===== Records shown
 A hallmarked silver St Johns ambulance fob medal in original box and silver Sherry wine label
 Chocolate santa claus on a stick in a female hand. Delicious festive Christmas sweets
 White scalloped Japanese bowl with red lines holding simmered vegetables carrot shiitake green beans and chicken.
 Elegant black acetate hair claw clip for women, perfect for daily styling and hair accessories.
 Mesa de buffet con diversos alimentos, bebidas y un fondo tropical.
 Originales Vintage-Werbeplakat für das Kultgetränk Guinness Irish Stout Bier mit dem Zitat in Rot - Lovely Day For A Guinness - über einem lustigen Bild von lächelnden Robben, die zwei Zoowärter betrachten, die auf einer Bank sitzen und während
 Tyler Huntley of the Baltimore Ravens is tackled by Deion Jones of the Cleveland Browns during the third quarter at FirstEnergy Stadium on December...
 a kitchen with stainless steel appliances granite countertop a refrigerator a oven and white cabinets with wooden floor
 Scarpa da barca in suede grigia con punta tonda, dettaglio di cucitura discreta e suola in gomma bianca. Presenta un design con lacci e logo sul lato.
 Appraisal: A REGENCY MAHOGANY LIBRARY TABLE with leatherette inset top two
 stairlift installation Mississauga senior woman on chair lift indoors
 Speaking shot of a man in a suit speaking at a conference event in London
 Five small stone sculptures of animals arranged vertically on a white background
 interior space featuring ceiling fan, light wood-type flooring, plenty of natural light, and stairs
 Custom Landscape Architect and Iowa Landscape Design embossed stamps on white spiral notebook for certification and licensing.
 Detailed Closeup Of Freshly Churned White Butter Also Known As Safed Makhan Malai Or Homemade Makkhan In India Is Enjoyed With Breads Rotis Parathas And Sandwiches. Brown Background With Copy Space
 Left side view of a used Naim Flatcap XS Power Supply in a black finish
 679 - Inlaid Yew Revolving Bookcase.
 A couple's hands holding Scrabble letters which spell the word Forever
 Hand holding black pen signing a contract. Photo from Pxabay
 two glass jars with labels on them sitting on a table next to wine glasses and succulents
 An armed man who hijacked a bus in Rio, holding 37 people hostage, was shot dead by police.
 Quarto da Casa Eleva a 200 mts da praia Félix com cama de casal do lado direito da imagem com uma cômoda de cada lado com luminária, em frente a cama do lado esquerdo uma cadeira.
==========
▸ Directions
Would you count the lines in the entries that hold "wine" and reply with only the count?

▸ Task solution
2